_TASK ITEM:_ This exercise calls for every record to be returned exactly, with pictures removed.

Start of RECORDED DATA

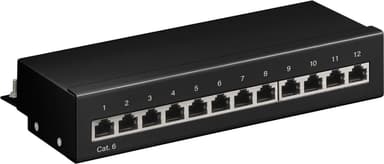 Goobay CAT 6 Mini/Desktop Patch Panel, 12 Ports
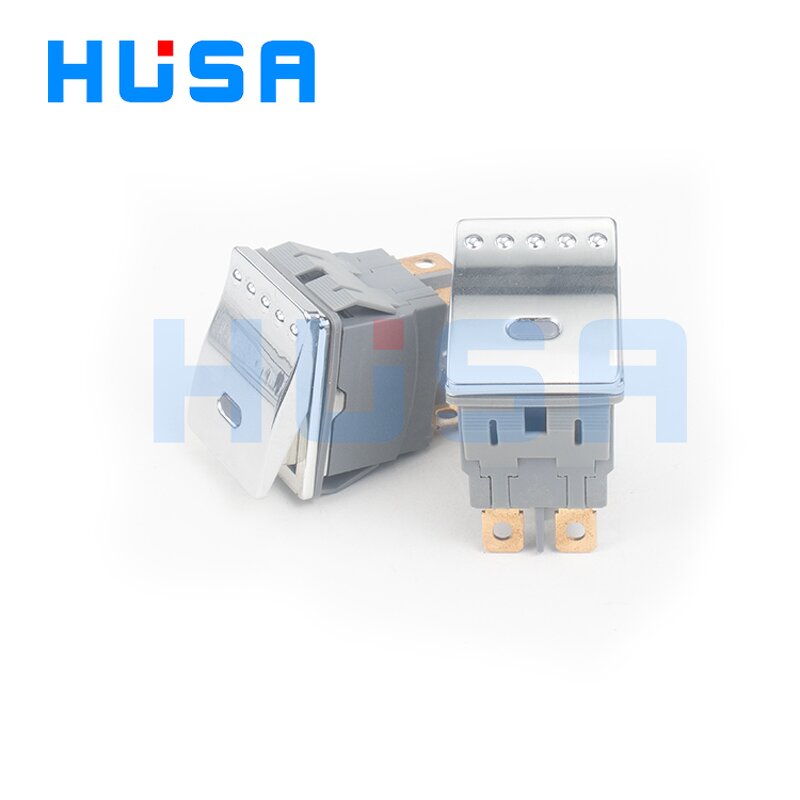 Waterproof Rocker Switch Manufacturer - OEM/ODM Custom HSRS2822 20A 250V AC DPDT Waterproof Rocker Switch Stainless Steel LED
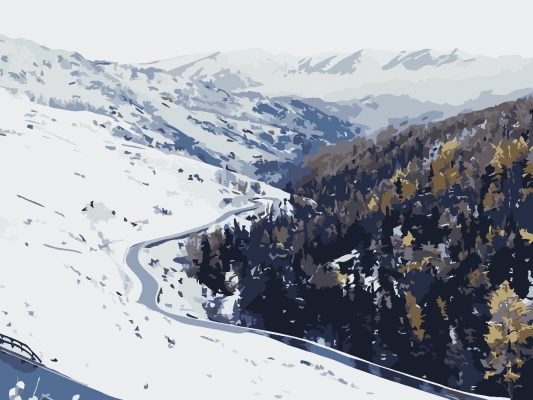 De Besneeuwde Berg Strekt Zich Uit Schilderen op Nummers
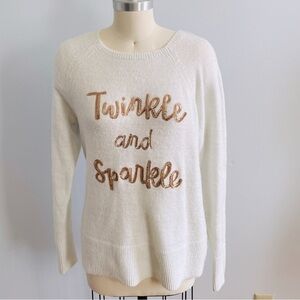 Apt. 9 Twinkle and Sparkle Sequin CreamFuzzy Sweater- Size Medium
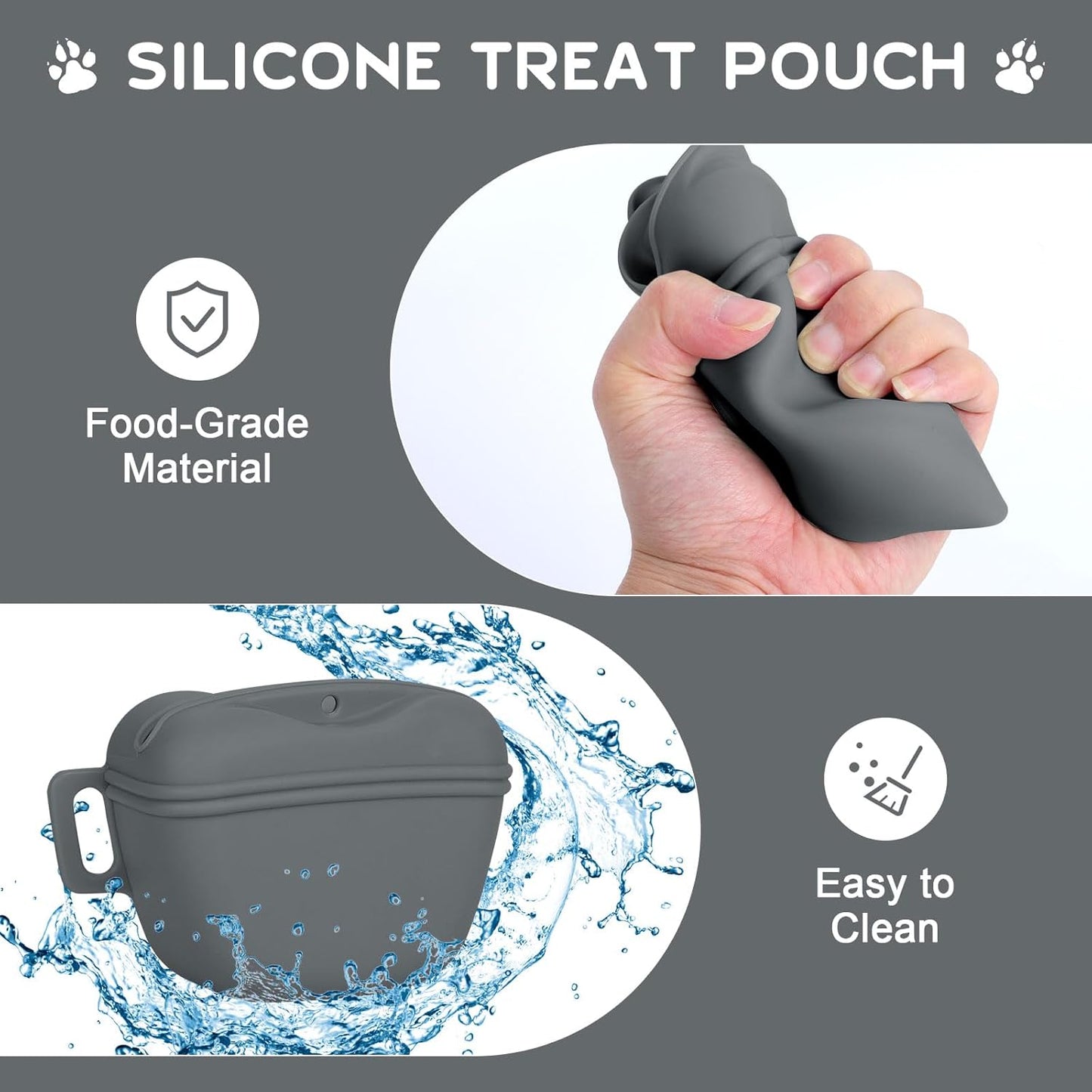 Dog Treat Pouch for Training, Silicone Magnetic Closure Dog Treat Bag Portable Treat Pouch with Belt, Waterproof Small Treat Bag for Dog Training, Dog Walking (Gray)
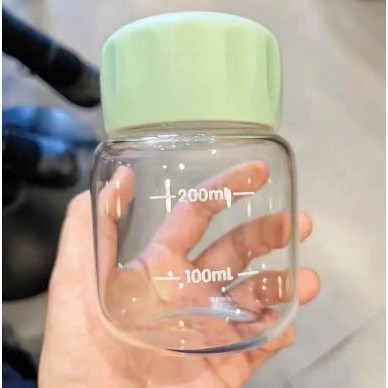 Mini Cute Kawaii Glass Water Bottle 220ml Small Drinking Bottle with Scale Portable Woman Glass Tumbler Girl Milk(2855L) - Image 6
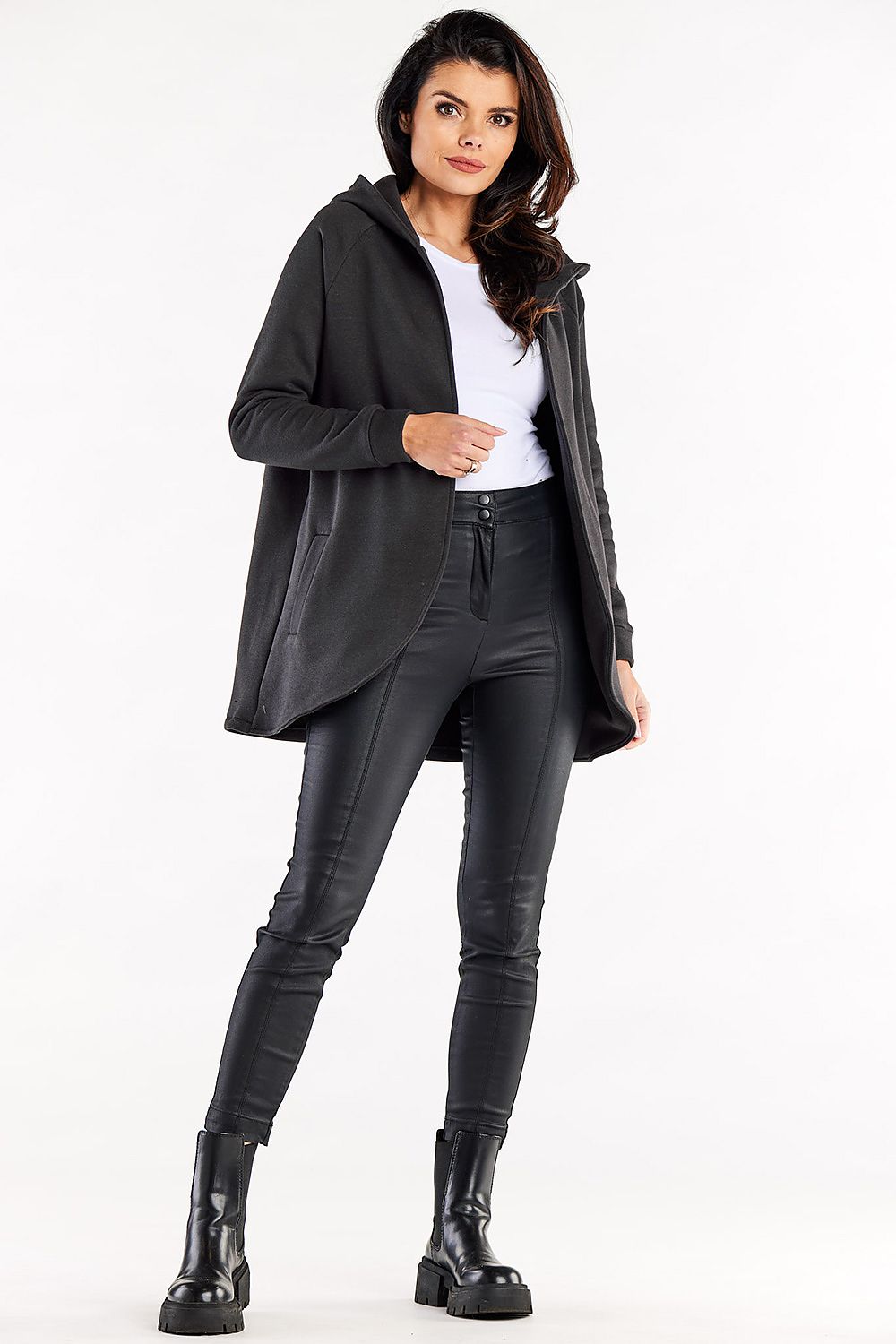 Stylish model wearing the Luxurious Loose-Fit Hooded Sweatshirt by Infinite You, highlighting the elegant design and relaxed fit.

End of RECORDED DATA

_RESULT OF THE EXERCISE:_
 Goobay CAT 6 Mini/Desktop Patch Panel, 12 Ports
 Waterproof Rocker Switch Manufacturer - OEM/ODM Custom HSRS2822 20A 250V AC DPDT Waterproof Rocker Switch Stainless Steel LED
 De Besneeuwde Berg Strekt Zich Uit Schilderen op Nummers
 Apt. 9 Twinkle and Sparkle Sequin CreamFuzzy Sweater- Size Medium
 Dog Treat Pouch for Training, Silicone Magnetic Closure Dog Treat Bag Portable Treat Pouch with Belt, Waterproof Small Treat Bag for Dog Training, Dog Walking (Gray)
 Mini Cute Kawaii Glass Water Bottle 220ml Small Drinking Bottle with Scale Portable Woman Glass Tumbler Girl Milk(2855L) - Image 6
 Stylish model wearing the Luxurious Loose-Fit Hooded Sweatshirt by Infinite You, highlighting the elegant design and relaxed fit.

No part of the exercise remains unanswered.